Continui a riconoscerti in tutte le canzoni di Suerte oppure, visto quanto dicevamo prima, da alcune ti senti più lontano?


Assolutamente sì, mi riconosco in tutte le canzoni di “Suerte”, e anzi per fortuna continuo ad emozionarmi nel cantarle. Questo è un buon segno.

Mettere insieme la cumbia elettronica col polesine suona come una bella sfida: quali sono, se ci sono, gli elementi di contatto tra queste due realtà secondo te?


Parlare di cumbia è come parlare di rock: ce n’è per tutti i gusti. La cumbia che piace a me è quella più ruvida, percussiva, legnosa, folklorica, oscura, selvaggia ed onirica (ti citerei come esempi Dengue Dengue Dengue e Chancha Via Circuito). Io credo che il Polesine sia tutto questo: selvaggio, a tratti oscuro, onirico, legnoso; sovrapporre queste due realtà mi è sembrata una pista di lavoro intelligente e sensata da seguire, ma allo stesso anche naturale e non forzata.
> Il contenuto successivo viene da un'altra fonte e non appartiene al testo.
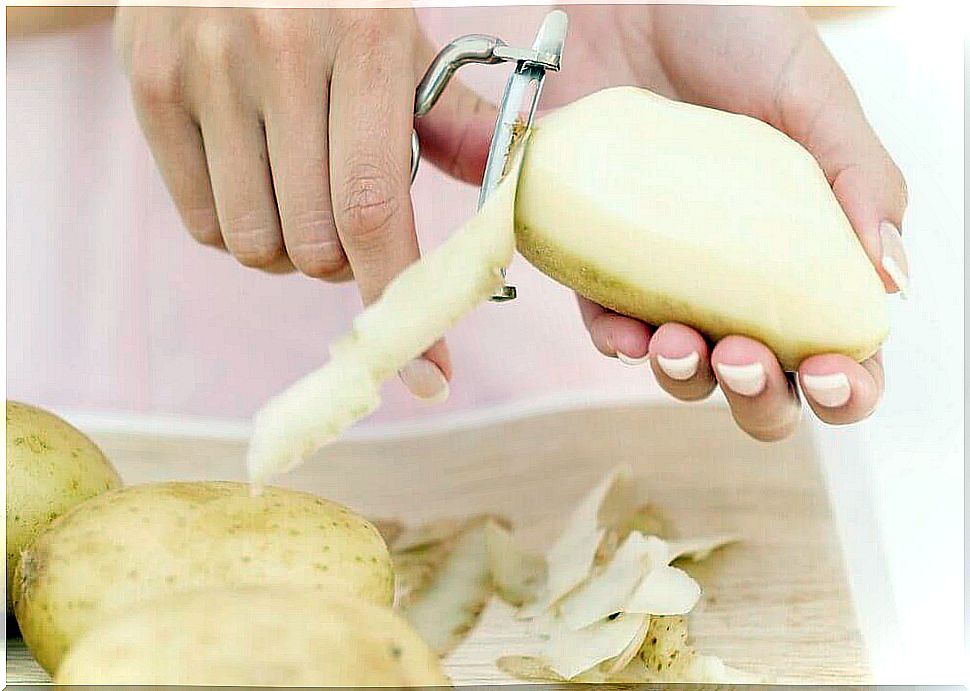 Person peeling potatoes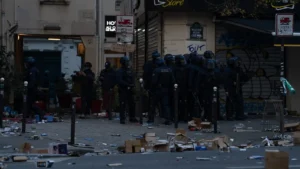 Rue de Paris jonchée de cartons et de débris devant des commerces fermés, avec des policiers en tenue anti-émeute, le 17 octobre 2026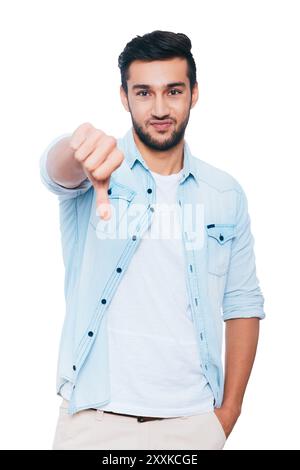 Too bad! Disappointed young Indian man showing his thumb down and making a face while standing against white background Stock Photo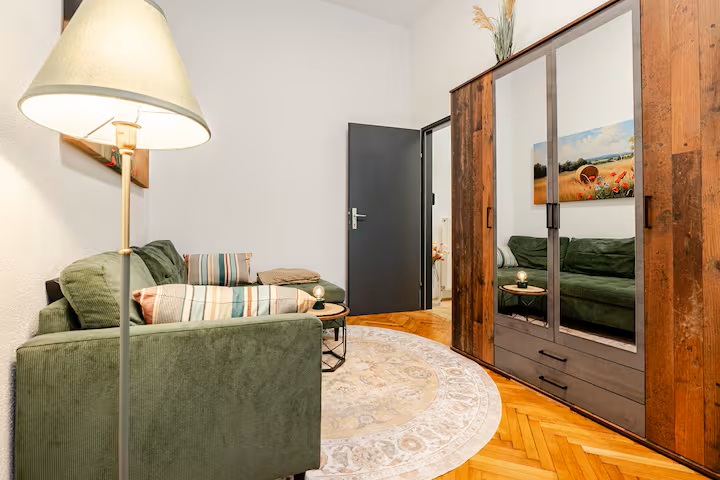 Sitzecke mit Sofa, Stehlampe und großem Kleiderschrank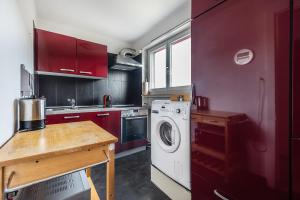 a kitchen with a washing machine and a wooden table at Familienwohnung !Gratis Parken, Free Parking! in Kreuzlingen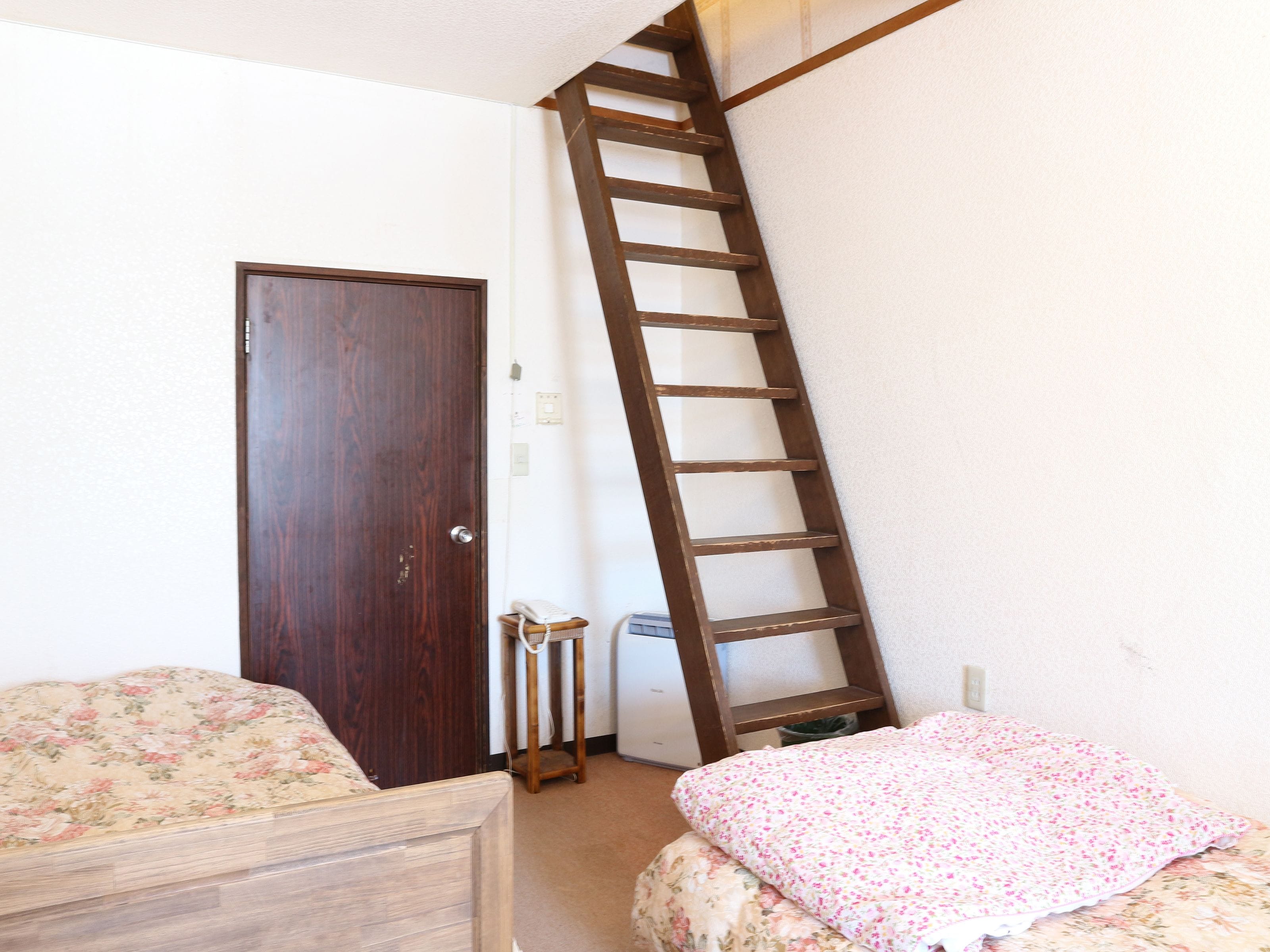 A bedroom with a wooden door, a wooden ladder, a small bedside table, and a bed with floral bedding.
Questa intuizione mi ha dato la possibilità di sperimentare con certe sonorità ma allo stesso tempo di definire una mia personalissima reinterpretazione del genere, fondendolo con un approccio più cantautorale, che è da sempre parte di me.

Mi ha incuriosito tantissimo DIMMI DOV’ERA (abbracciato a una nutria): di chi o di che cosa parli in questa canzone?


Immaginati le chiacchere al bar di paese tra due soggetti che parlano a proposito di un terzo personaggio.
Il testo ruota attorno proprio a questa figura: un personaggio che si stanca di quanto tutto debba essere sempre così inesorabilmente complicato. Si stanca di accettare come dato di fatto che ogni giorno sia sempre l’alba di una nuova battaglia. Lui è un tipo semplice e forse anche un po’ svogliato… e allora ad un certo punto, senza pensarci troppo, prende su le sue quattro cose e, percorrendo una strada che costeggia un fosso, se ne va. Non chiedermi dove, non lo so. Se lo stanno ancora chiedendo anche i tizi al bar.
 

Cumbia nella nebbia invece è un pezzo tutto strumentale, che però forse è la massima sintesi tra i due mondi che dicevamo prima: cumbia elettronica e rive del Po. È così? Per realizzarlo hai usato effetti sonori o strumenti particolari?


Come dicevo poc’anzi ci sono molti modi di fare e di intendere la cumbia (per fortuna!). “Cumbia nella nebbia” è la mia risposta, è il mio personalissimo modo di interpretare la cumbia: molto percussiva, con suoni molto “veri”, crudi e legnosi, mentre a livello melodico aleggia un’atmosfera rarefatta, surrealista, anche a tratti oscura. La cumbia che piace a me è così, e volevo farne una canzone che fosse una sorta di manifesto cumbiero di Banadisa. Per fare questo brano (ma in generale un po’ per tutto il disco) ho cercato di usare quanti più strumenti percussivi “veri”, cioè acustici, evitando di usare sample o campioni sintetici di suoni.

Stai pensando già a come portare questo lavoro e questi suoni live?


Certo! Ormai sono mesi che siamo alle prese con la preparazione del live. Dico “siamo” perchè ad accompagnarmi dal vivo ci sarà il mio bellissimo Clan composto da Fed Nance (nonché produttore dell’album) con il suo drum-set, Clara Andrés alla voce e Marcello Martucci alle percussioni. Tra le molte opzioni che avevo per presentare questo lavoro dal vivo, ho scelto di dare risalto alla parte ritmica; infatti il palco sarà pieno di fighissime percussioni!
Per quanto riguarda il mio ruolo, sul palco, oltre a cantare e gestire la parte elettronica, intervallerò accompagnamenti ritmici ad accompagnamenti con la chitarra.
Sta venendo una vera bomba!  Sono molto contento del risultato e non vedo l’ora di fare quanti più concerti possibile!